----- Records to use
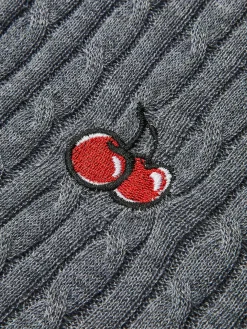 Jacquard Cable Knit Cardigan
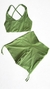 Conjunto short tayna Verde Oliva - DaMais Modas
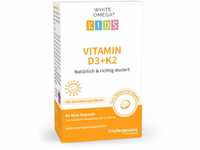 Vitamin D3+K2 für Kinder – zuckerfrei – 800 IE Vitamin D3 – mit 25 µg...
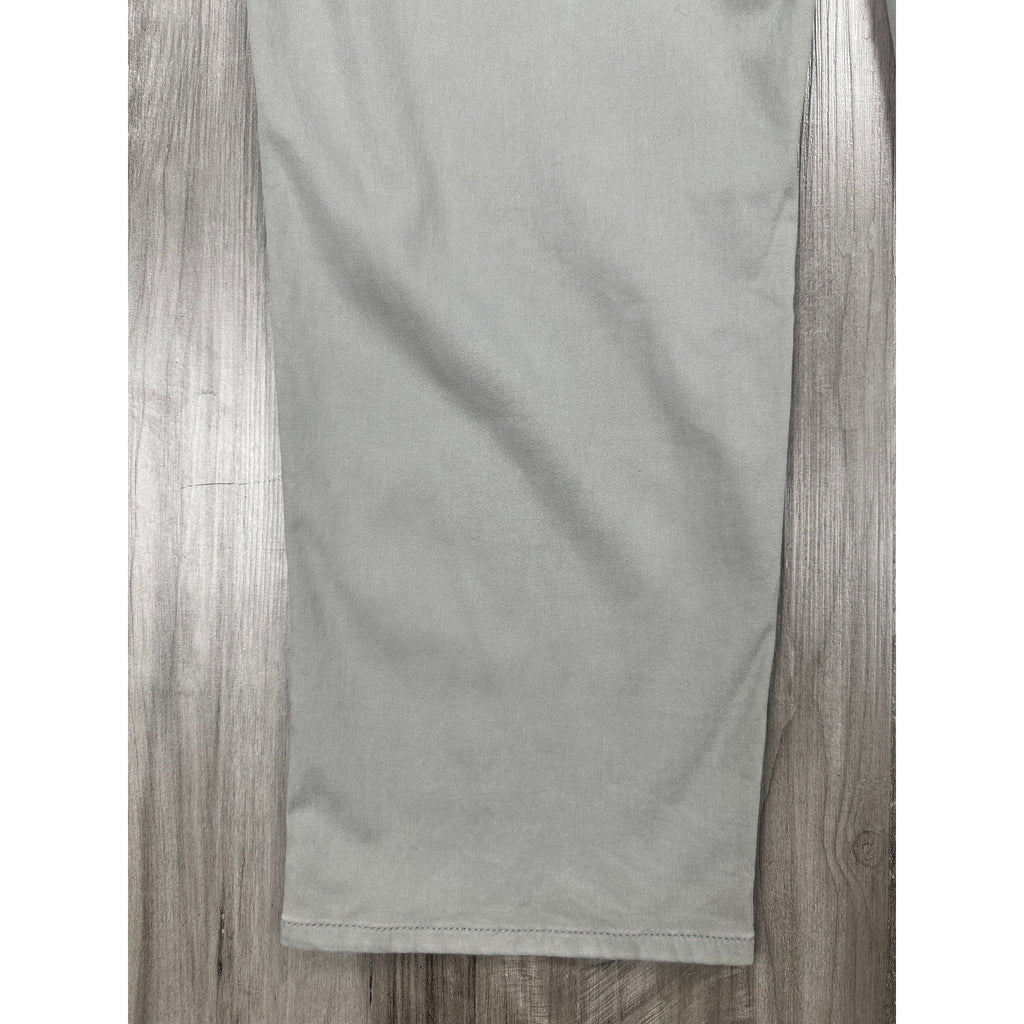 Peter Millar Signature Sateen Classic Fit 5 Pocket Pants in Gray — Size 44x30 // Preowned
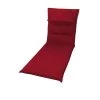 DOPPLER Style Liegenauflage, Bordeaux, Dralon, 200x60x7cm, Inklusive Befestigungsbänder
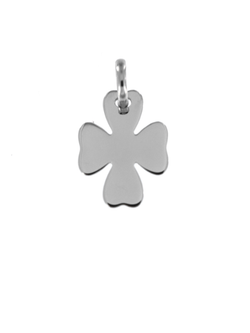 Colgante Plata Mujer PCOL12/G Trébol En Brillo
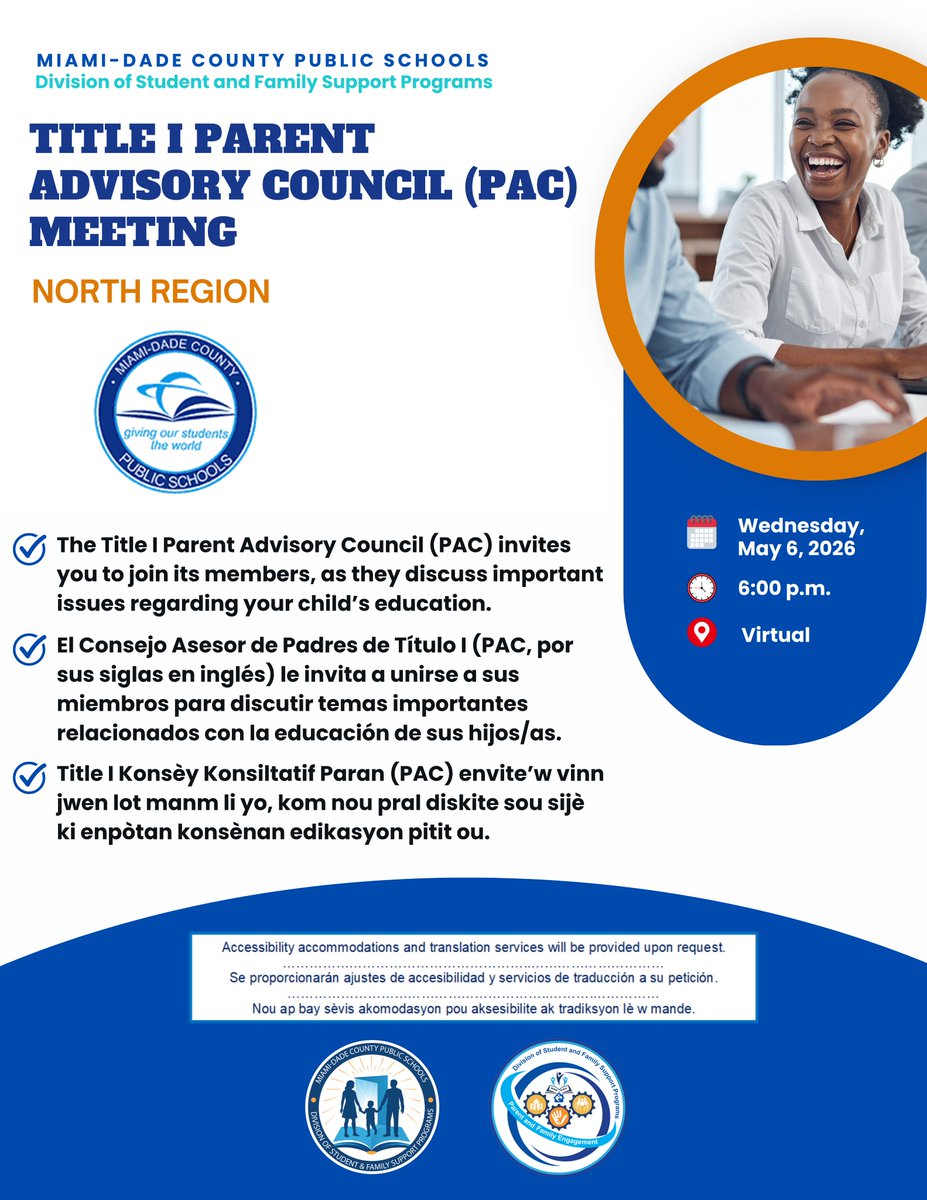 MDCPS Division of Student & Family Support Pgrms. tweet media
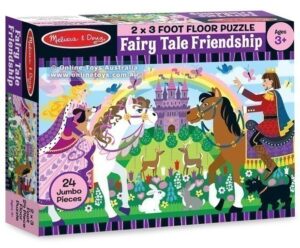 Melissa and Doug - 24 Piece Giant Floor Puzzle - Fairy Tale Friendship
----------
• _What you should do_
Omit the pictures and print again exactly the lines from the one with "Conjunto short tayna" through the final line of the entries, both ends included.

• _Response to the task_
 Conjunto short tayna Verde Oliva - DaMais Modas
 Vitamin D3+K2 für Kinder – zuckerfrei – 800 IE Vitamin D3 – mit 25 µg...
 Peter Millar Signature Sateen Classic Fit 5 Pocket Pants in Gray — Size 44x30 // Preowned
 DOPPLER Style Liegenauflage, Bordeaux, Dralon, 200x60x7cm, Inklusive Befestigungsbänder
 Colgante Plata Mujer PCOL12/G Trébol En Brillo
 MDCPS Division of Student & Family Support Pgrms. tweet media
 Melissa and Doug - 24 Piece Giant Floor Puzzle - Fairy Tale Friendship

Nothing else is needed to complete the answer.